I believe divide-by-zero produces an exception. The machine can either be configured to mask that exception, or not.

Personally, I am lazy, so I don’t check the mxcsr register before I start running my programs. Maybe gcc does something by default, I don’t know. IMO legitimate division by zero is rare but not impossible, so if you do it, the onus is on you to make sure the flags are set up right.

	▲	epcoa 2 days ago \| parent [-]
		Correct, divide by zero is one of the original five defined IEEE754-1985 exception. But the default behavior then and now is to produce that defined result mentioned and continue execution with a flag set ("default non-stop"). Further conforming implementations also allow "raiseNoFlag". It's well-defined is all that really matters AFAIC.

▲ exDM69 2 days ago | parent | prev | next [-]

It's not always necessary to check for inf/NaN explicitly using isinf/isnan. Both inf and NaN are floating point values with well defined semantics.

I'll give two examples from a recent project where I very intentionally divided by zero. First one was about solving a zero in a derivative and check if it falls on 0..1 range. This exploits the fact that (x < NaN) is always false and comparisons with +/- inf behave as expected.

    float t = a / b; // might divide by zero. NaN if a and b == 0.0, +/- inf if b == 0.0
    if (t > 0.0 && t < 1.0) {
        // we don't get here if t is +/- inf or nan
        split_at(t); // do the thing
    }

The second one was similar, but clamping to 0..1 range using branchless simd min/max.

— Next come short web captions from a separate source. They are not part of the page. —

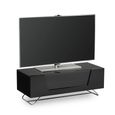 Chromium TV Stand - Black - 100cm - CRO2-1000CB-BLK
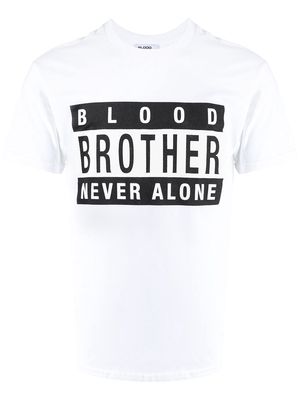 Blood Brother logo-print T-shirt - White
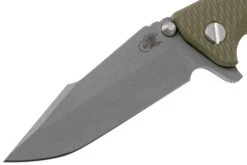 Rick Hinderer Eklipse 3.5" Harpoon Spanto 20CV Battle Bronze OD Green Couteau De Poche -Couteaux Soldes HRK EK35 HS BR OD 03 rick hinderer knives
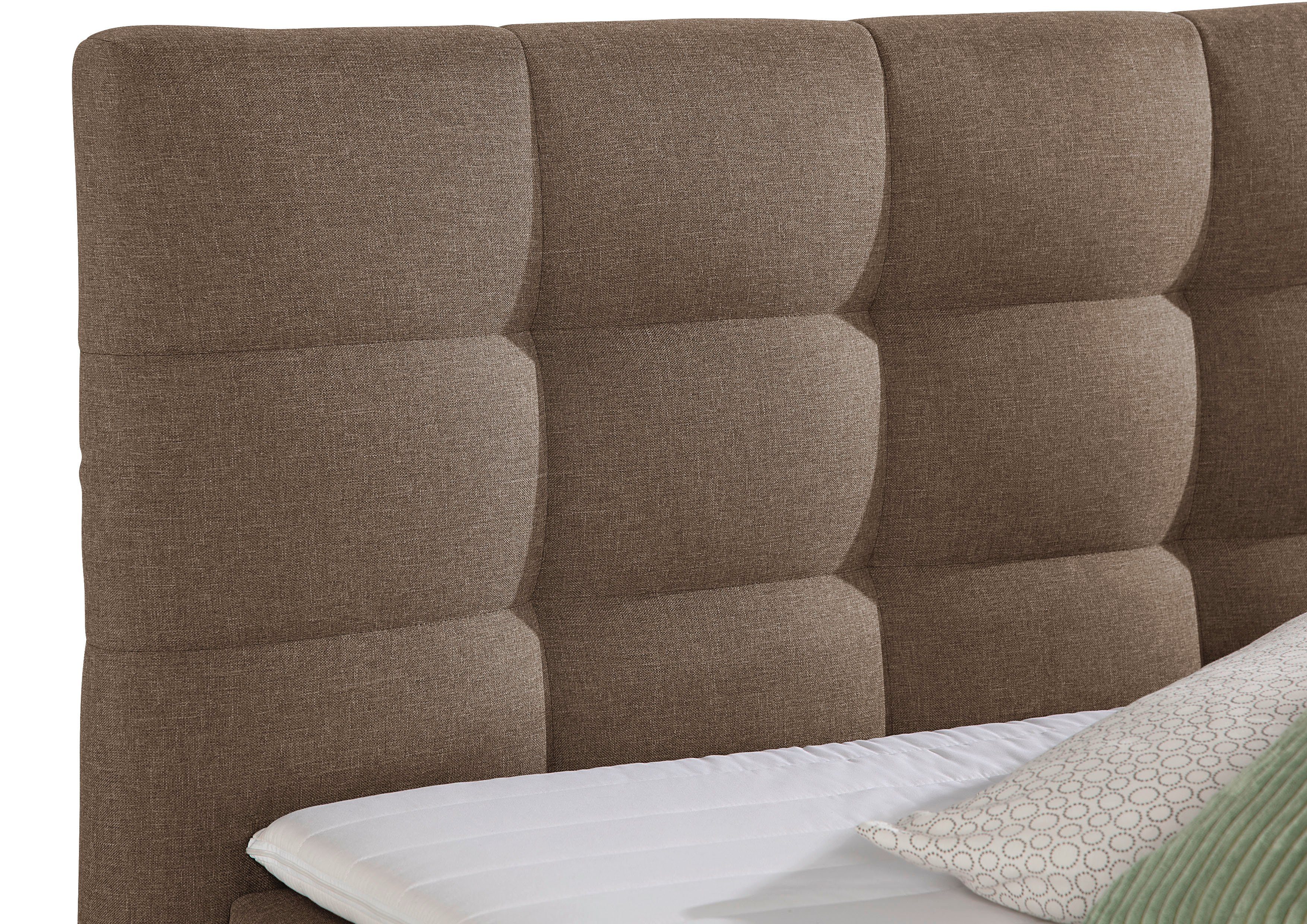 Home affaire Boxspring Moulay incl. topmatras, in extra lang 220 cm, 3 hardheden, ook in h4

    f32x8 x = a / b; // might divide by zero
    return simd_min(simd_max(0.0, x), 1.0); // returns 0 for -inf or nan, 1 for +inf

In both of these cases, explicitly checking for division by zero or isinf/isnan would've been (worse than) useless because just using the inf/NaN values gave the correct answer for what comes next.

▲ mike_ivanov 3 days ago | parent | prev | next [-]

This is the Result monad in practice. It allows you to postpone error handling until the computation is done.

▲ wpollock 2 days ago | parent | prev | next [-]

It has always amused me that Integer division by 0 results in "floating point exception", but floating point division by 0.0 doesn't!

▲ TehShrike 3 days ago | parent | prev [-]

You can divide by zero, but you mayn't.